We work closely with state and urban local governments to reform the design, implementation, and maintenance of streets and public spaces through a whole-of-lifecycle approach.
This approach standardizes people-centric, climate-responsive design; improves implementation efficiency and scalability through templatized design and good for construction drawings, bill of quantities, job aids for site monitoring, model tenders, and green schedule of rates; and embeds long-term upkeep by mandating maintenance through clear guidelines and toolkits.
Our works spans across seven categories of public spaces:
- Mobility infrastructure, spanning urban roads, shared streets, bus terminals, railway stations, and integrated mobility hubs
- Markets as public spaces that are unique in their nature of creating a platform for social and economic exchange
- Waterfront across all scales, including nallahs, ponds, lakes and canals, river and sea
- Parks and open spaces, spanning from a neighborhood to city scale
- Places of art and culture with strong socio-cultural contexts ranging from city level museums, places of religious and cultural significance, exhibition/mela grounds
- Eco-sensitive zones and areas with a high degree of biodiversity are key to maintaining the ecological balance in our cities. These spaces are partially accessible to the public by design.
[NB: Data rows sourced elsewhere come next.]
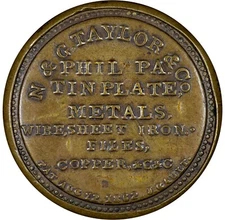 EP-28, 1¢ N & G Taylor, 1862 Encased Postage,Very Fine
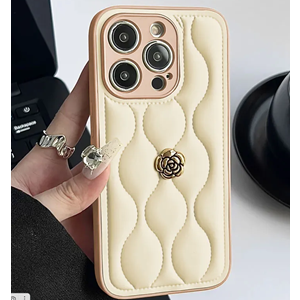 Apple - iPhone 15 Pro Max Zebana Camellia Deri Kılıf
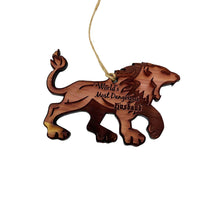 Load image into Gallery viewer, LION Worlds Most Dangerous Husband - Cedar Ornament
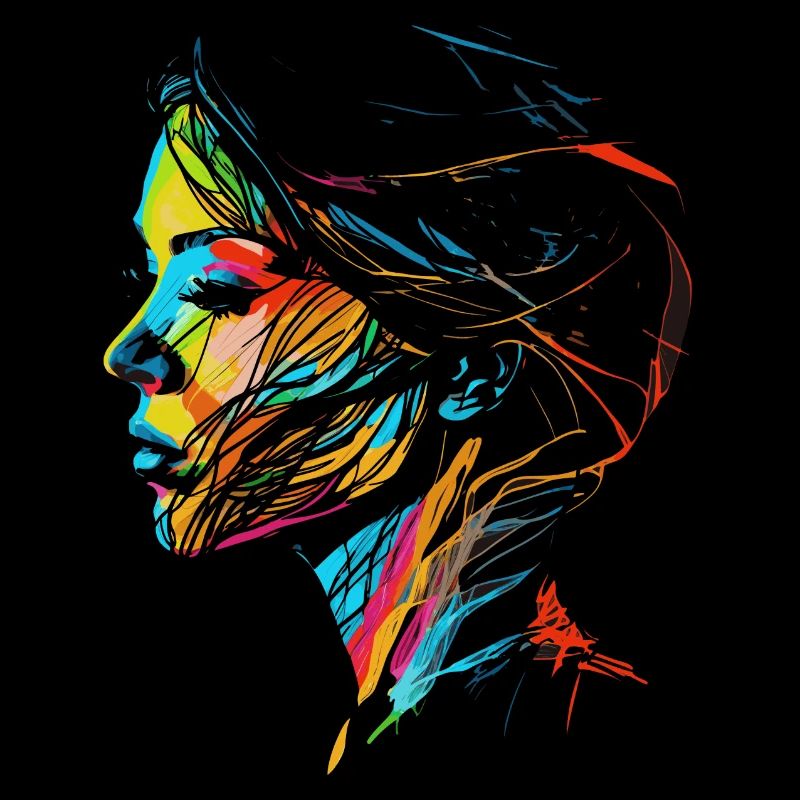 Popart Woman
- Community spaces for the urban poor that adopt functions based on the context and are often designed and driven by the local communities, such as crematoria, Kalyana Mandapas, community halls, Anganwadis etc.
Across these spaces, we embed principles of universal accessibility, climate responsiveness, safety, and long-term maintenance, ensuring that public realm investments deliver sustained social and urban value.